Of Augustus and Rome
The poets still warble,
How he found it of brick
And left it of marble.
So of Pitt and of England
Men may say without vapour,
How he found it of gold
And left it of paper.5
For all the criticism, Pitt’s experience and decisiveness in financial matters must have helped the restoration of confidence in the markets. Certainly his measures were vindicated: within a short time credit was expanding once again, the government was able to raise fresh loans, a Commons Committee of Inquiry found the Bank’s finances to be in rather better shape than suspected, and the convertibility of notes into specie was eventually restored.
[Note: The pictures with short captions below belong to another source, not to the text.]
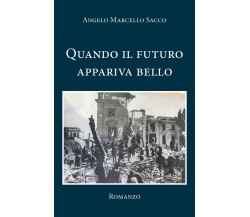 Quando il futuro appariva bello	 di Angelo Marcello Sacco,  2020,  Youcanprint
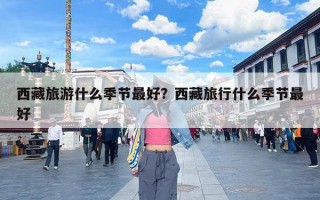 西藏旅游什么季节最好？西藏旅行什么季节最好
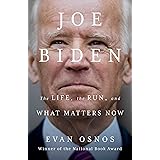 Joe Biden: The Life, the Run, and What Matters Now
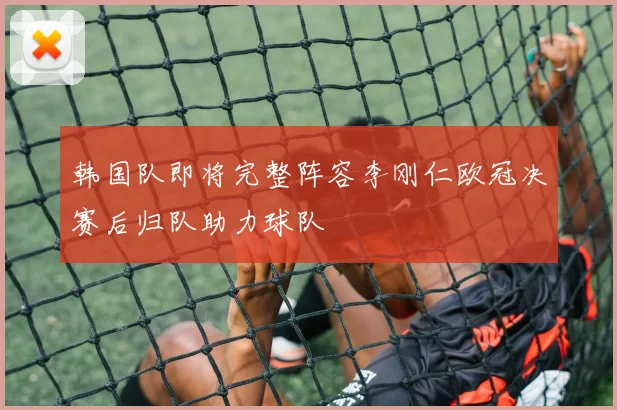 韩国队即将完整阵容李刚仁欧冠决赛后归队助力球队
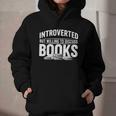 Women's Introverted But Willing To Discuss Books Graphic Youth Hoodie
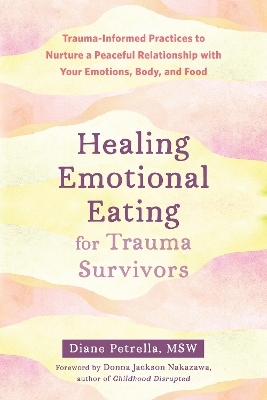 Healing Emotional Eating for Trauma Survivors - Diane Petrella, Donna Nakazawa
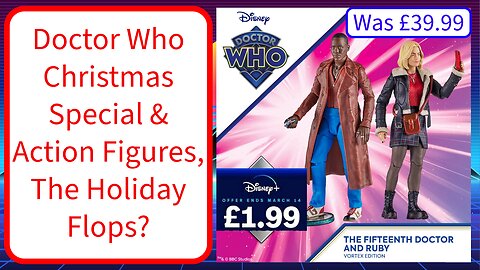 Doctor Who Christmas Special & Action Figures, The Holiday Flops?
A new copper coinage was introduced later that year, and long-term reforms of the Royal Mint and the eventual (but well into the next century) introduction of silver coins were set in train. Britain’s two great advantages in its contest with France were the prowess of its navy and the vast capacity and creditworthiness of its financial system. Whatever Pitt’s failings as a war leader, he was adept at leveraging both of these assets.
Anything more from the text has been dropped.